Scraped caption text data:
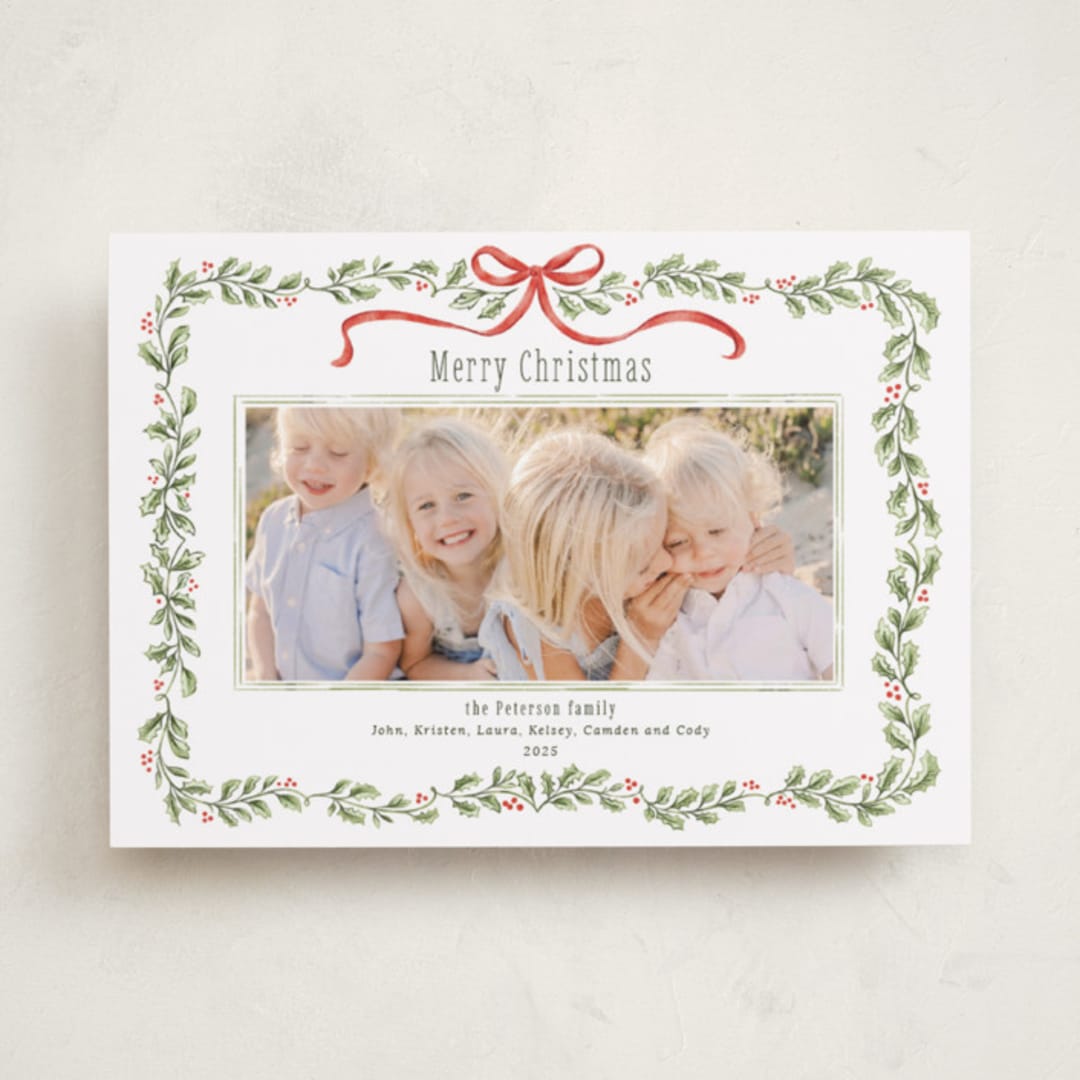 "Holly Garland and Bow" - Holiday Cards in Candy Cane by Paula Pecevich - Front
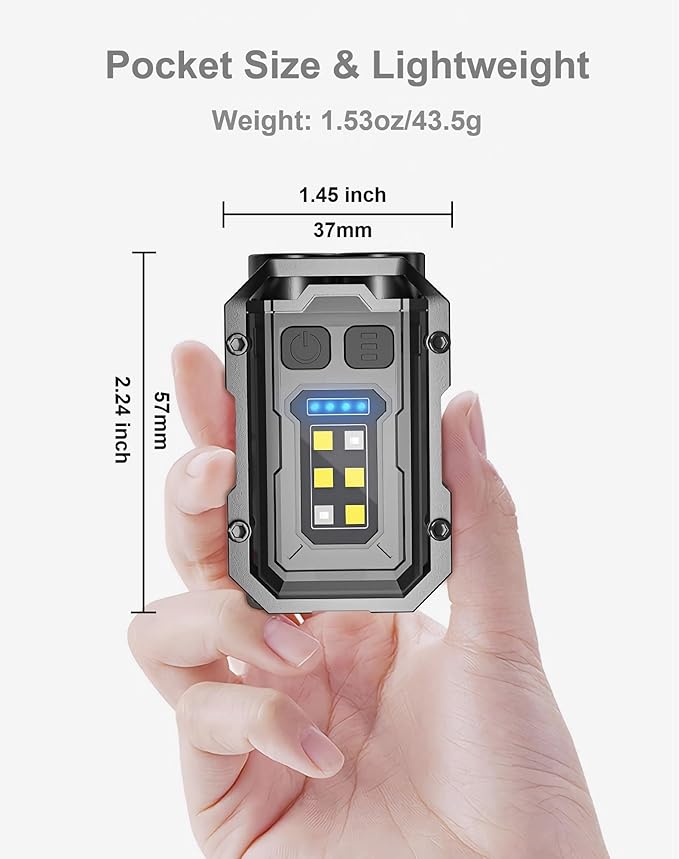 Pocket LED Flashlight Rechargeable, 500 Lumens Keychain Flashlight Small EDC Light for Night Work, Running, Walking, Camping, Fishing, Hiking, Dog, Emergency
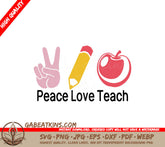 Peace Love Teach SVG Stickers SVG
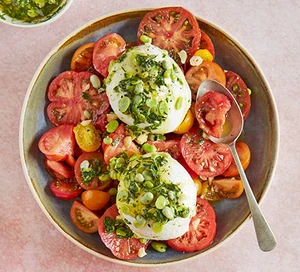 Tomato, burrata & broad bean salad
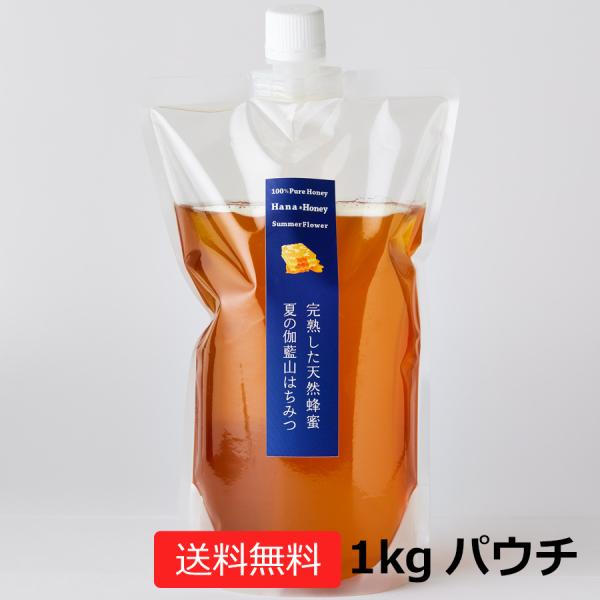 お得用の１ｋｇパウチ登場！詰め替え用としてご検討ください。【賞味期限】　到着後500日保証【内容量】　　1000ｇ×１本【原材料名】　はちみつ（愛媛産）【採蜜地】　愛媛県佐田岬半島【保存方法】　常温保存。夏はやや涼しい場所で保存してください...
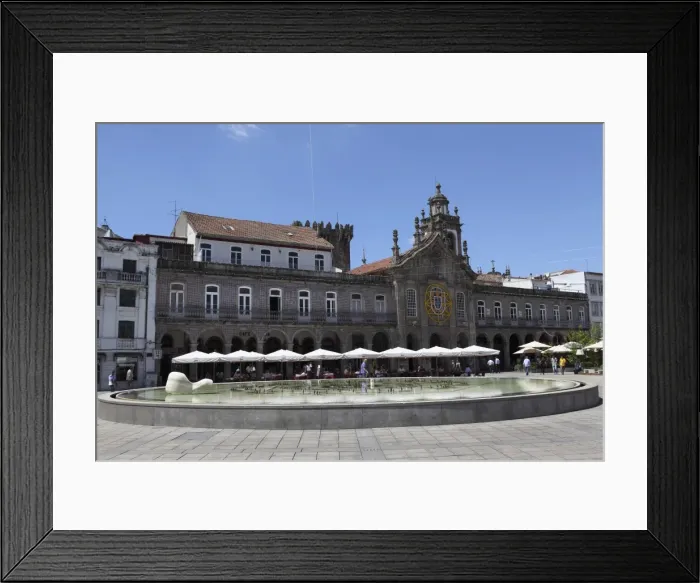 Framed Print : Cafes stand in front of La Arcade and Igreja da Lapa church on the Praca da Republica Framed Print : Cafes stand in front of La Arcade and Igreja da Lapa church on the Praca da Republica
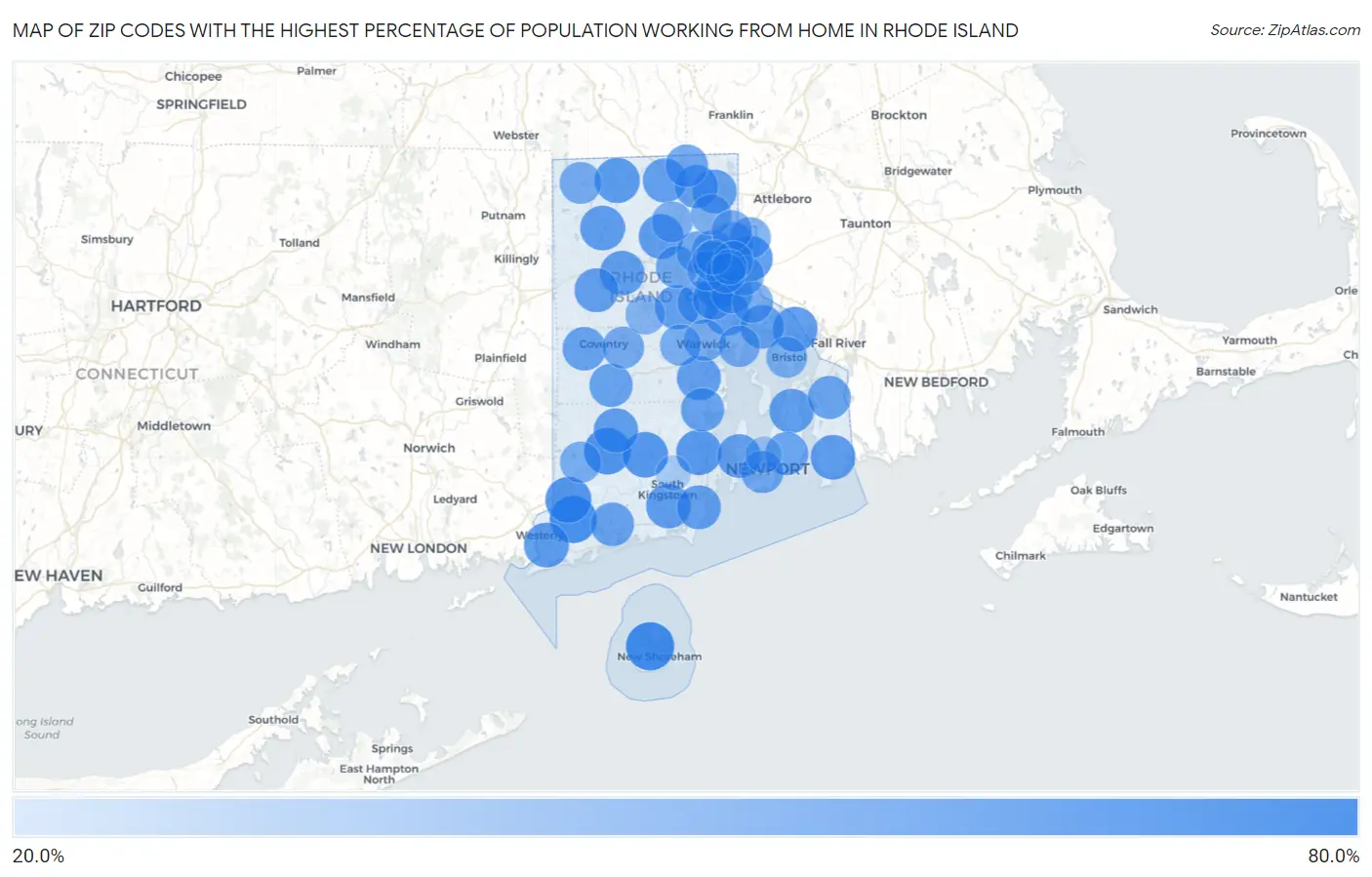 Zip Codes with the Highest Percentage of Population Working from Home in Rhode Island Map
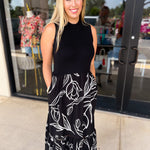 Black & White Abstract Floral Midi Dress-500 Midi-SKIES ARE BLUE-July & June Women's Fashion Boutique Located in San Antonio, Texas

§ **EXERCISE GOAL**
Write out, word for word, the lines from the first line of the entries through the one containing "Tomato, burrata & broad bean salad", both included. Leave out the pictures.

§ **SOLUTION TO THIS TASK**
 "Holly Garland and Bow" - Holiday Cards in Candy Cane by Paula Pecevich - Front
 Pocket LED Flashlight Rechargeable, 500 Lumens Keychain Flashlight Small EDC Light for Night Work, Running, Walking, Camping, Fishing, Hiking, Dog, Emergency
 Peace Love Teach SVG Stickers SVG
 Tomato, burrata & broad bean salad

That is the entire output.